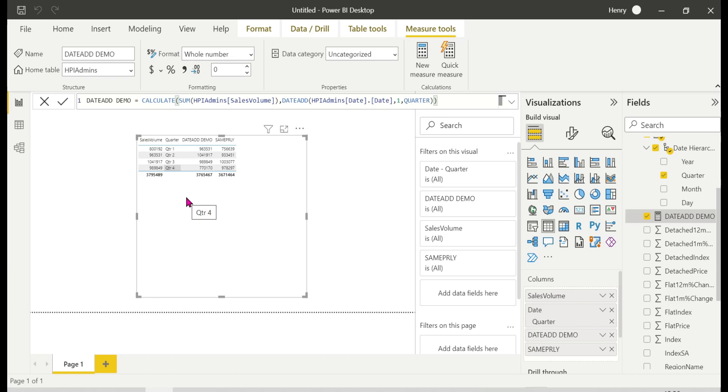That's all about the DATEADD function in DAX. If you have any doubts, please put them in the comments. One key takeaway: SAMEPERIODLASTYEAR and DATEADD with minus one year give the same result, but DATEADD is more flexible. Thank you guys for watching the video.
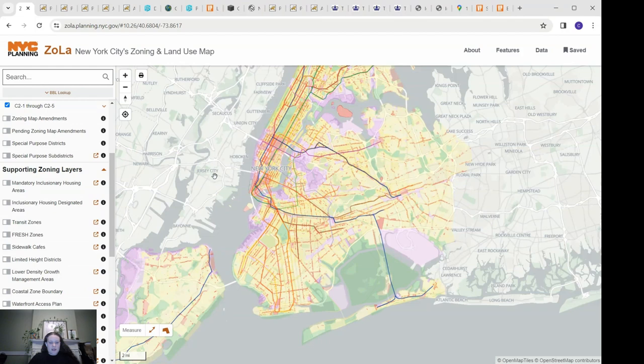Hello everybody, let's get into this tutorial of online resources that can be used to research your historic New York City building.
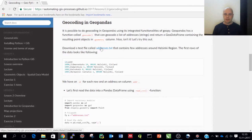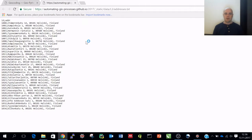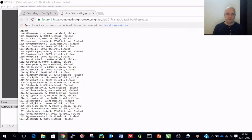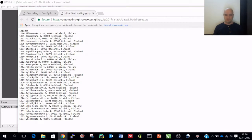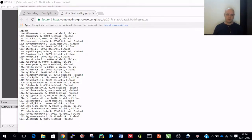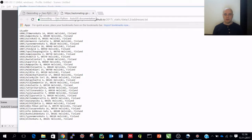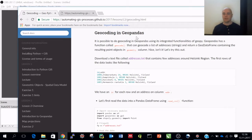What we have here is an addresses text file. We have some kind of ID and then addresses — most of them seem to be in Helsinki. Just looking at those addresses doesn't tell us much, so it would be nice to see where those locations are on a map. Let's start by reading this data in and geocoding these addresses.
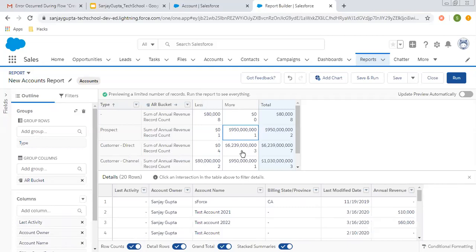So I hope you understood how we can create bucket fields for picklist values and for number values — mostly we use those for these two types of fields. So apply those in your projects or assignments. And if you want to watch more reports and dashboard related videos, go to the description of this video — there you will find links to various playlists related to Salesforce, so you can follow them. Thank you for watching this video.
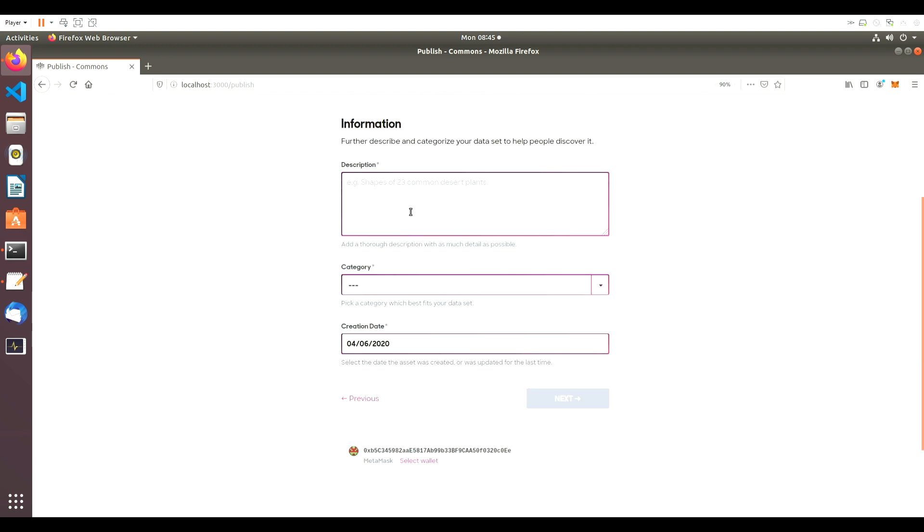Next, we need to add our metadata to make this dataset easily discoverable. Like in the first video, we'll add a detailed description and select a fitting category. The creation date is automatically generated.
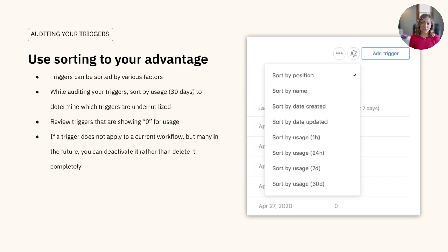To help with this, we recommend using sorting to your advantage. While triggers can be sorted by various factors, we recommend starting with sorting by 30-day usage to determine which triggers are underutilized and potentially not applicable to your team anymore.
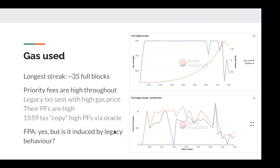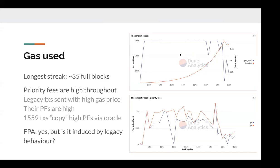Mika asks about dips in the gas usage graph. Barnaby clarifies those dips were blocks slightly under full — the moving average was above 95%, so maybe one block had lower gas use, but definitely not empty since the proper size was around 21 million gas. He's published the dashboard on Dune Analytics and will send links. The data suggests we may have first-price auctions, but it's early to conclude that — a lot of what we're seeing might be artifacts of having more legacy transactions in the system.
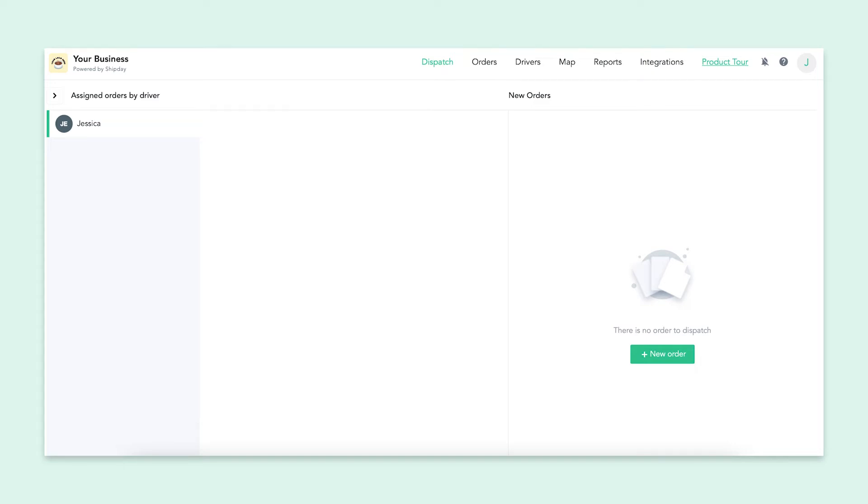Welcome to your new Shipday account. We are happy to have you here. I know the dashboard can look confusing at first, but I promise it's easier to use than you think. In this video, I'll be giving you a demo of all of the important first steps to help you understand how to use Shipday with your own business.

* * *

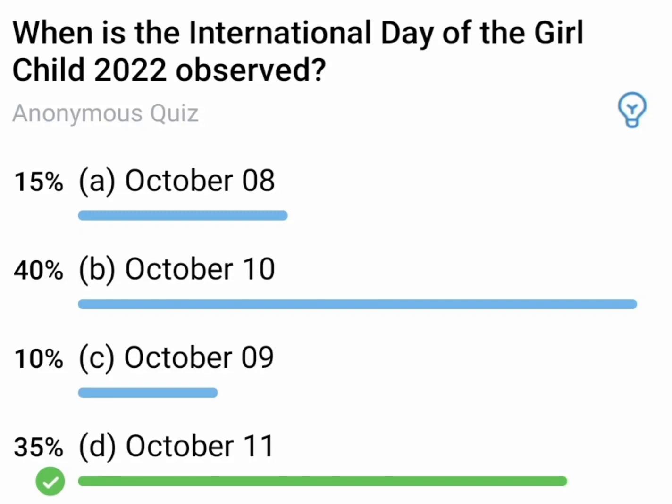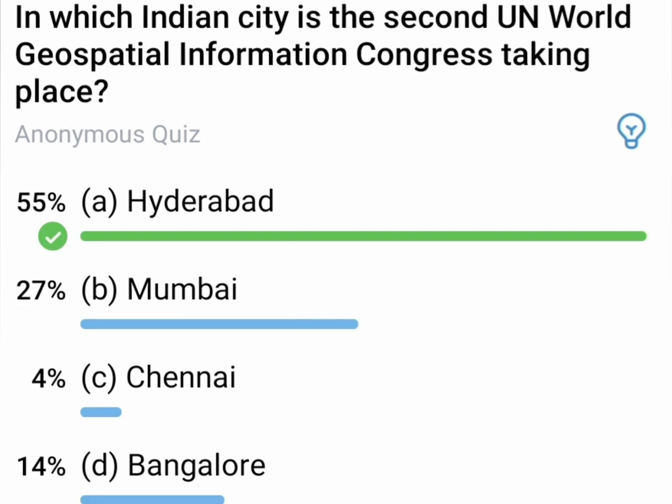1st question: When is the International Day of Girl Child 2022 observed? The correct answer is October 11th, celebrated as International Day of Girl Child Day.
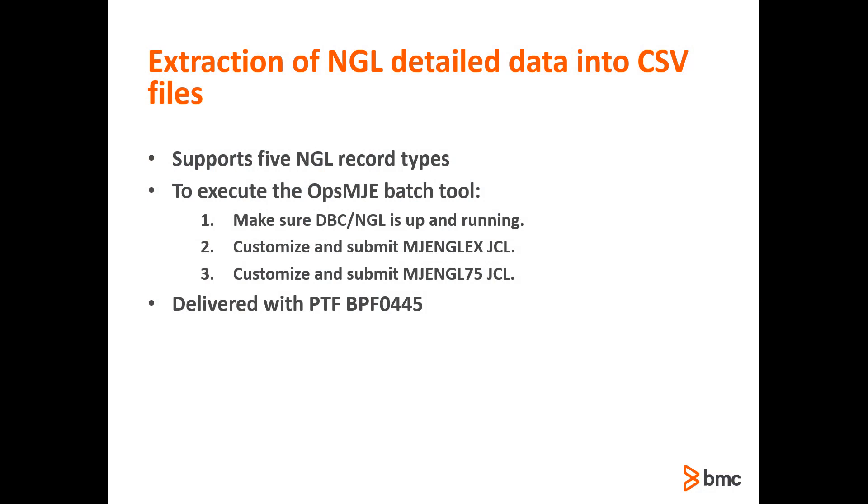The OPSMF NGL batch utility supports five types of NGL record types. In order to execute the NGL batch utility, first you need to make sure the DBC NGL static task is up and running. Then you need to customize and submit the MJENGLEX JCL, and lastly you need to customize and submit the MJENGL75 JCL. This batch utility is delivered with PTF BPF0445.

▸ **What to produce**
How would the lines above read from the one with "To help with" to the one with "Welcome to your", inclusive, with no pictures? Write them out exactly.

▸ **Answer box**
To help with this, we recommend using sorting to your advantage. While triggers can be sorted by various factors, we recommend starting with sorting by 30-day usage to determine which triggers are underutilized and potentially not applicable to your team anymore.
Mika asks about dips in the gas usage graph. Barnaby clarifies those dips were blocks slightly under full — the moving average was above 95%, so maybe one block had lower gas use, but definitely not empty since the proper size was around 21 million gas. He's published the dashboard on Dune Analytics and will send links. The data suggests we may have first-price auctions, but it's early to conclude that — a lot of what we're seeing might be artifacts of having more legacy transactions in the system.
Welcome to your new Shipday account. We are happy to have you here. I know the dashboard can look confusing at first, but I promise it's easier to use than you think. In this video, I'll be giving you a demo of all of the important first steps to help you understand how to use Shipday with your own business.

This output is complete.